Questions: Can private content be selected? Are scores stable under ties? Should one user dominate the queue? Common mistakes include ignoring consent, sorting the entire stream when a heap is enough, using raw transcript content in logs, and optimizing uncertainty while starving rare slices.

from heapq import heappush, heappushpop


def rank_review_candidates(rows, k):
    heap = []
    for row in rows:
        if not row.get("consented"):
            continue
        score = (
            0.55 * row["uncertainty"]
            + 0.30 * row["slice_rarity"]
            + 0.15 * row["regression"]
        )
        item = (score, row["example_id"])
        if len(heap) < k:
            heappush(heap, item)
        else:
            heappushpop(heap, item)

    return [example_id for score, example_id in sorted(heap, reverse=True)]


rows = [
    {"example_id": "a", "consented": True, "uncertainty": 0.9, "slice_rarity": 0.2, "regression": 0.3},
    {"example_id": "b", "consented": False, "uncertainty": 1.0, "slice_rarity": 1.0, "regression": 1.0},
    {"example_id": "c", "consented": True, "uncertainty": 0.5, "slice_rarity": 0.9, "regression": 0.8},
]
assert rank_review_candidates(rows, 2) == ["c", "a"]

Problem: Detect Sustained Schema Coverage Drop

Given hourly metadata coverage rates, return the first window where average coverage falls below a threshold for w hours. This is a sliding-window incident detector.
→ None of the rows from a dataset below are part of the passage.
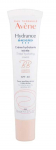 N&auml;okreem Avene Hydrance, 40 ml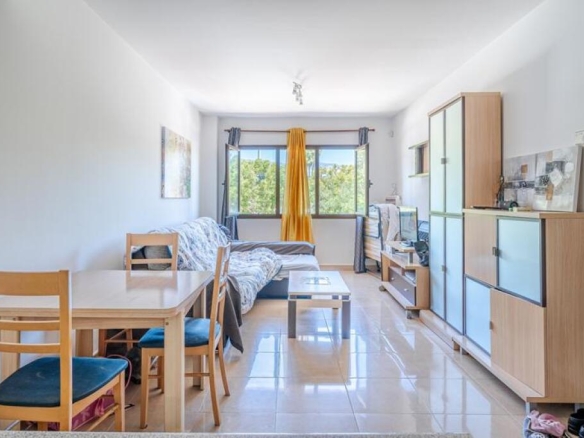 Imagen 2 de PRECIOSO APARTAMENTO EN VENTA EN LA LUJOSA URBANIZACIÓN DE ESTEPONA.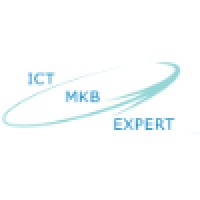 MKB-Expert logo, MKB-Expert contact details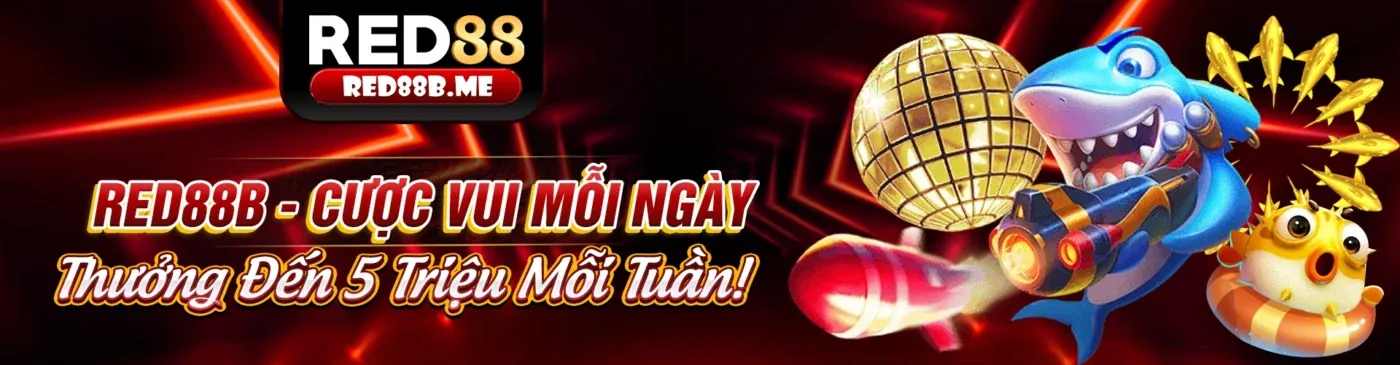 Thế giới bắn cá sống động tại FI88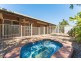 5/92 Bonson Terrace, Moulden NT 0830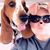 Lori McCoy's profile image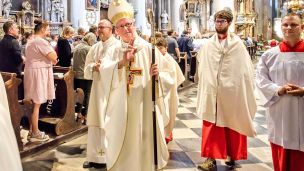 image:Image Oslavy sv. Františka doma i ve světě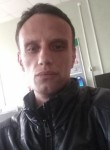 Вадим, 33 года, Комсомольск-на-Амуре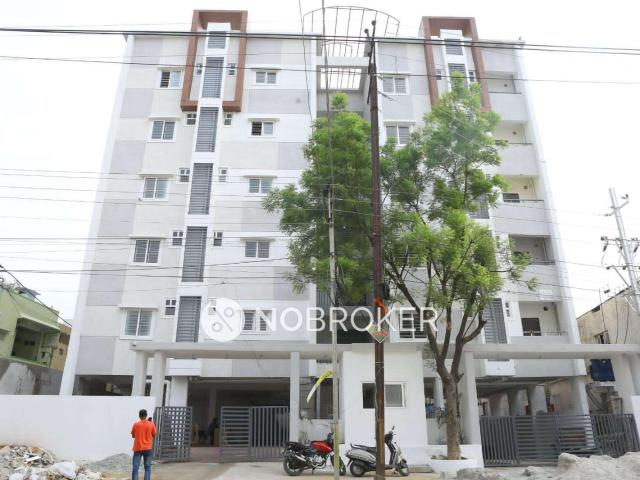 Flat for sale in Boiguda, Haidarabad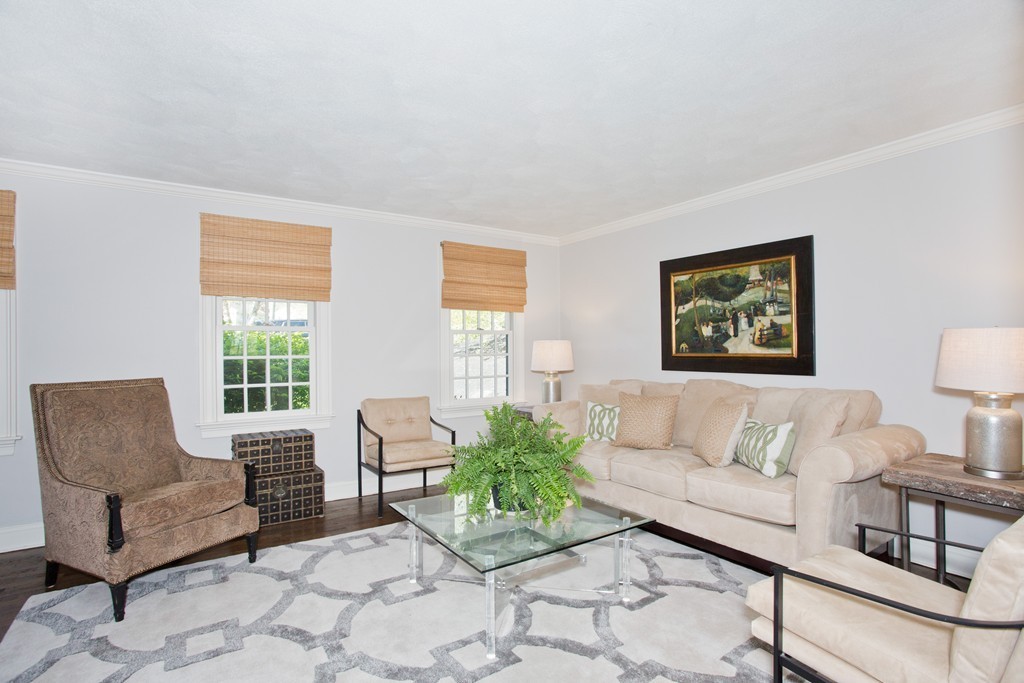 95 Outlook Road Marshfield, MA 02050 - Photo 15 of 29
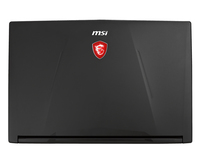 MSI GL73 8RE (MS-17C5) Ersatzteile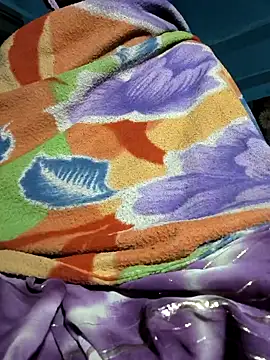 Snapshot of Cut_anjna chatting on February 12, 2025, 11:41 pm Cut anjna online show from February 12, 2025, 11:41 pm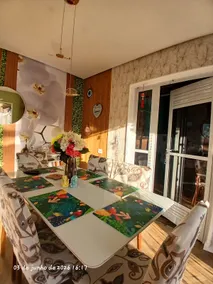 Casa Aconchego - Mairiporã (pet favorite) - Image 5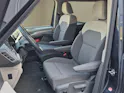 VW Multivan 1.5 eHybrid 4Motion DSG
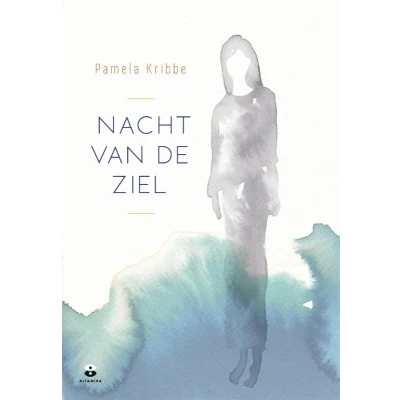 Afbeelding van Nacht van de ziel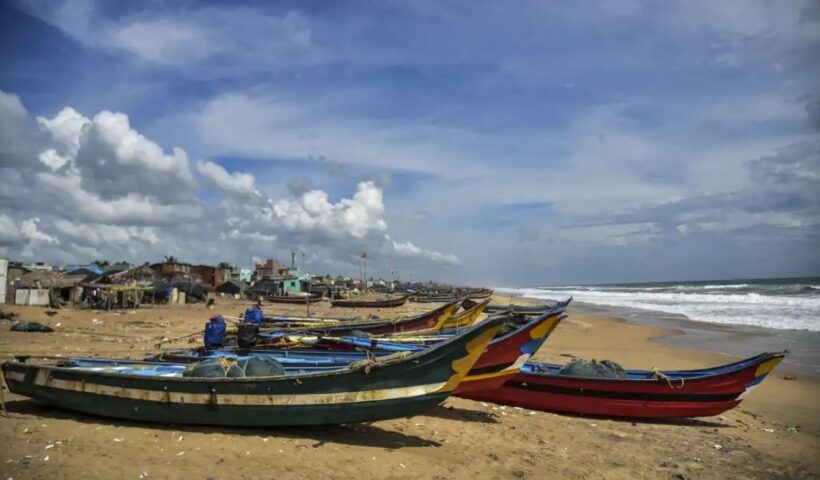 n68670786317616336582646e1bc2981a126567658715b6f52bdca1a5055be4509b9cffbdd46fab5246f0e7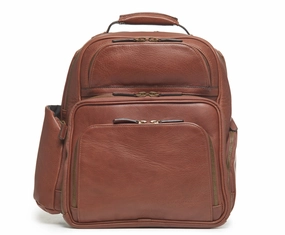Mason Hiking Duffel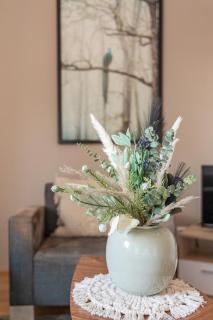 Myli Boutique Apartments - Weinheim - 8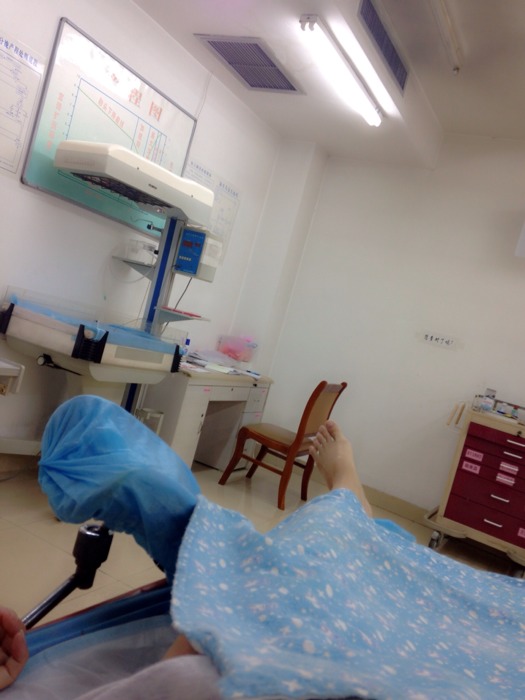 孕早期做的胎梦最准确吗,孕早期胎梦真的准吗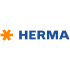 Herma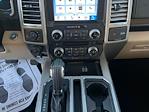 2016 Ford F-150 SuperCrew Cab 4WD Pickup for sale #5T6595A - photo 18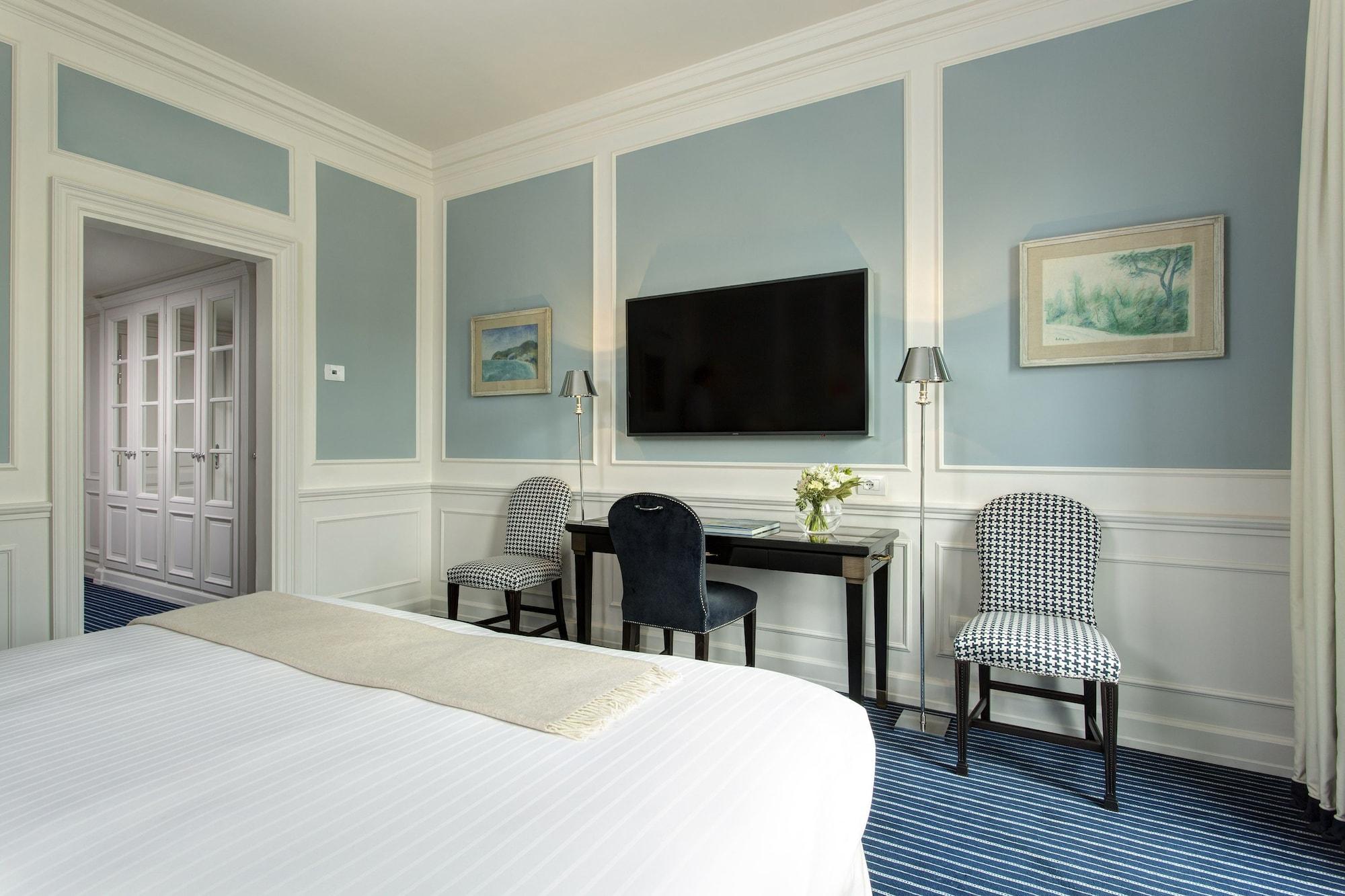 Hotel Lungarno - Lungarno Collection 5*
Hidden answer with production follow-up
def first_coverage_drop(values, window, threshold):
    if window <= 0 or len(values) < window:
        return None

    total = sum(values[:window])
    if total / window < threshold:
        return 0

    for right in range(window, len(values)):
        total += values[right] - values[right - window]
        left = right - window + 1
        if total / window < threshold:
            return left

    return None


assert first_coverage_drop([0.99, 0.98, 0.70, 0.72, 0.74], 3, 0.85) == 1
assert first_coverage_drop([0.99, 0.98, 0.97], 2, 0.95) is None

Production follow-up: page only when the drop affects critical fields or user-facing slices, deduplicate alerts by app version and ingestion path, and attach rollout context so on-call can identify whether the first bad hour matches a deployment.

Timed Exam

Advanced Practice Prompts

R&D Prompt

A self-supervised audio model improves average WER but worsens short noisy commands. What experiments and release gates do you require before launch?

Hidden answer

Require slice-specific evals, command-intent task metrics, calibration by utterance length and noise bucket, online/offline preprocessing parity, and canary rollback gates. Inspect whether representation learning improved long-form transcription while hurting endpointing or short-command acoustics.

System Design Prompt

Design a backfill system that recomputes audio features for 100 million clips without impacting real-time serving.

Hidden answer

Use isolated batch queues, explicit resource quotas, resumable manifests, idempotent writes, transform-versioned output paths, data quality sampling, and throttles tied to serving headroom. Never let replay jobs share priority with real-time requests, and require lineage plus rollback to the previous feature snapshot.